上に挙げた監督の新作をすべて見たわけではないけれど、やはりそんじょそこらの若い衆が作った「新感覚」の作品より圧倒的に経験値が高い作りでしたし、どれも監督の「色」がある。
パワフルなものもあれば、一人よがりすぎてついていけない作品もあるなか、年を取っても枯れない力、年を取ったことで世間の評価など気にしないといった、良くも悪くもおじいちゃんな映画が並んだ2023年でしたw
個人的な「賛」としては、やはり自伝的な内容を描きつつ、映画が与える善と悪の影響も盛り込んだフェイブルマンズは素晴らしかったですね。
物語はもちろん、どのシーンをとっても印象が強いため、いつ何時思い返してもそのシーンが鮮明に蘇えるという、ある種の魔法に未だかかっている状態。
またリドリー・スコットの「ナポレオン」は、カメラの台数を増やしたことで大掛かりな撮影を手早く撮ってしまう技を駆使。
絶景なロケーションや大人数のエキストラを使っての戦争風景は、これぞ映画館で見るべきという圧倒的スケールを感じた映画でした。
スコセッシの「キラーズ・オブ・ザ・フラワームーン」も、今年度賞レースのトップランカーとなってるだけあって、当時の風景をしっかり再現しつつ、今起きようとしてること、置き続けていることを我々にしっかり見せる強い意思を感じた作品でした。
その一方で厳しい評価をした作品もしばしば。
それこそ宮崎駿や北野武ら日本人勢は、物語を見せることへの意欲を感じられなかったですね。
宮崎監督に至ってはもはや「物語を作る気がない」くらい独りよがりでしたし、北野監督は編集のキレが悪いのかかつてのような鋭さもないし、やけに笑いを色濃くさせた内容で、正直がっかりでした。
ここ数年、物語の作り方や見せ方が従来のモノから変化を見せてきている風潮を感じてますが、そんな中老齢監督は昔と変わらぬ作り方で楽しませてくれると思ってたんですが、ここへきて一気に作り方を変えてきた二人は、期待値を遥かに下回った作品でしたかね。
他にもウェス・アンダーソンの「アステロイドシティ」なども同じ感じで、そんな複雑な作劇で一体誰が面白いって思えるのさ?という非常に難解な構造になっていたんですよね。
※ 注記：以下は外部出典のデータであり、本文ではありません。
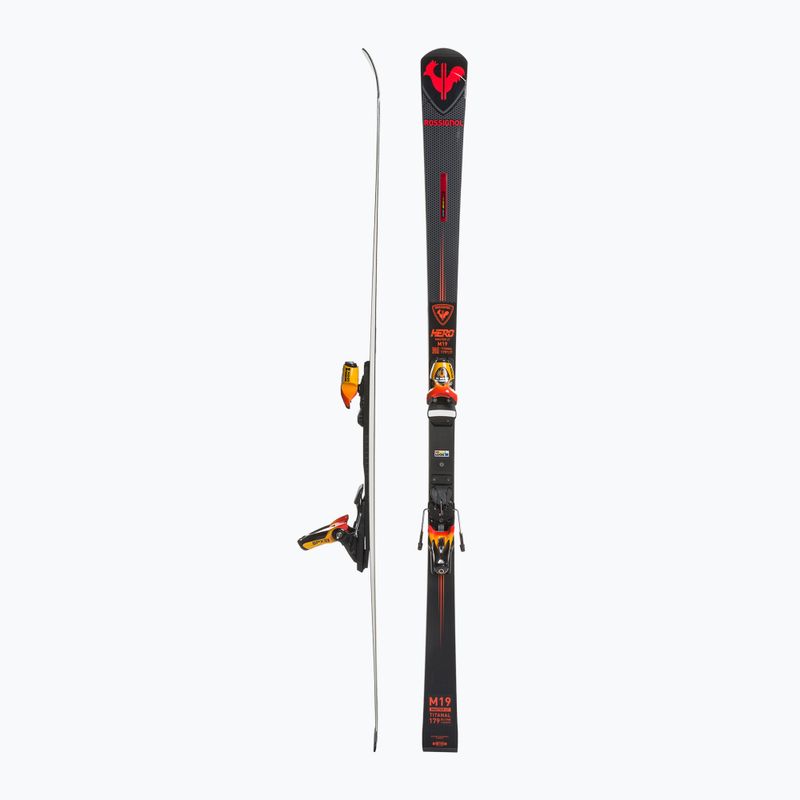 Sci da discesa Rossignol Hero Master LT R22 + attacco SPX15 Forza 2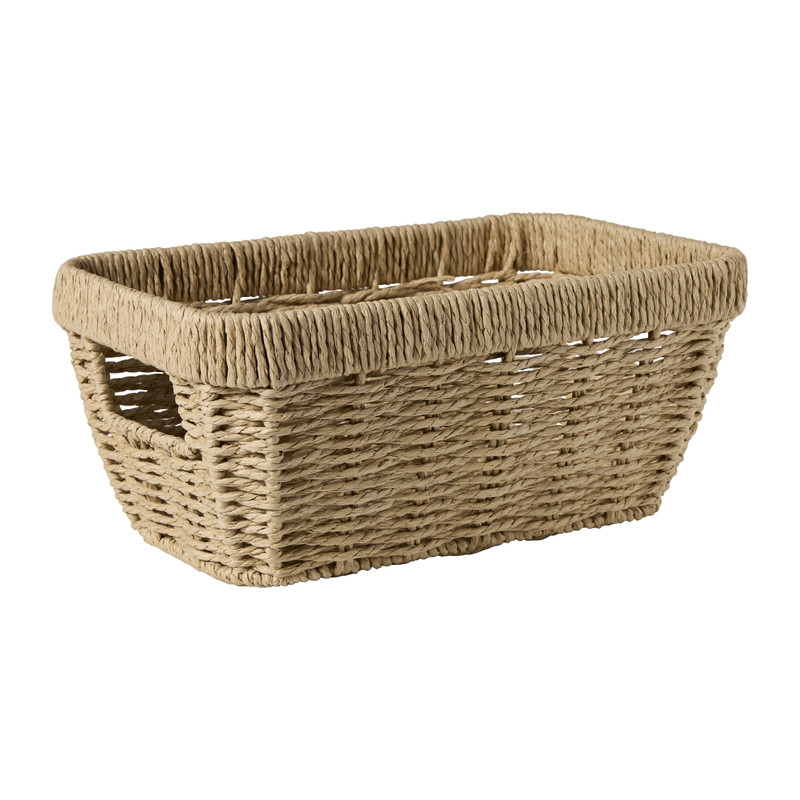 Lademand Finn S - bruin - 14x30x20 cm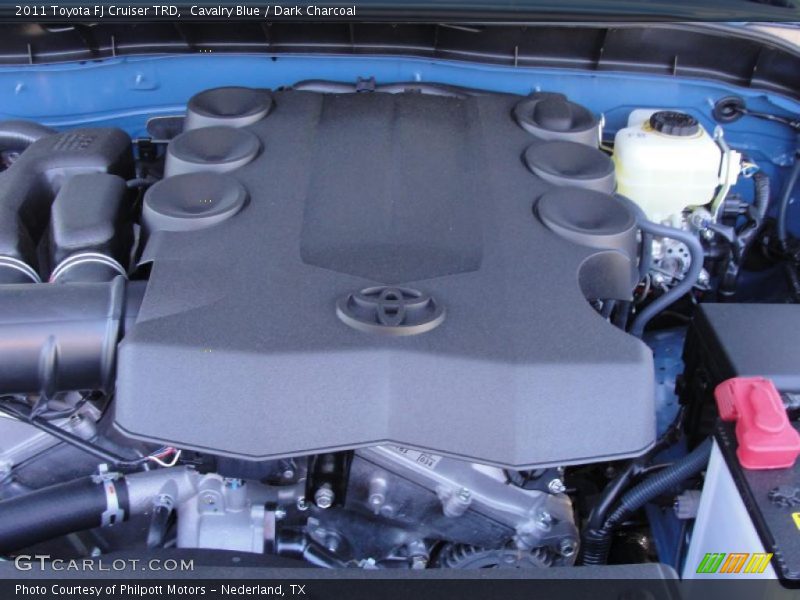  2011 FJ Cruiser TRD Engine - 4.0 Liter DOHC 24-Valve Dual VVT-i V6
彼はまだ他の老齢監督に比べたら若い部類ですけど、彼もフェーズ2に入ったのかな?というほど、過去作から逸脱した作品でした。
とにかく、パンデミックの最中、細心の注意を振り払って製作したであろうお爺ちゃん監督たち。
若い人たちより免疫力が下がりがちな年代でしょうし、まだまだ映画を作りたい思いが彼らを奮い立たせたことでしょう。
内容の是非はともかく、ホント力強さを感じた作品群でした。
ハリウッド映画はどこへ向かうのか。
コロナが明けて、いよいよハリウッド映画が本腰を入れてくるぞとワクワクした2023年。
しかし、本当の局面はその後に起こってしまうという年でした。
脚本家組合によるストライキから始まり、俳優組合もストライキに。
何十年ぶりという2つの組合によるストライキは、およそ半年かけて行われ、製作や宣伝などがストップしてしまう事態へと発展。
それにより今後の公開スケジュールにも影響を及ぼしたり、それこそハリウッド周辺の経済にも影響が出てしまうなど、パンデミック時以上の損失を出したと言っても過言ではないでしょう。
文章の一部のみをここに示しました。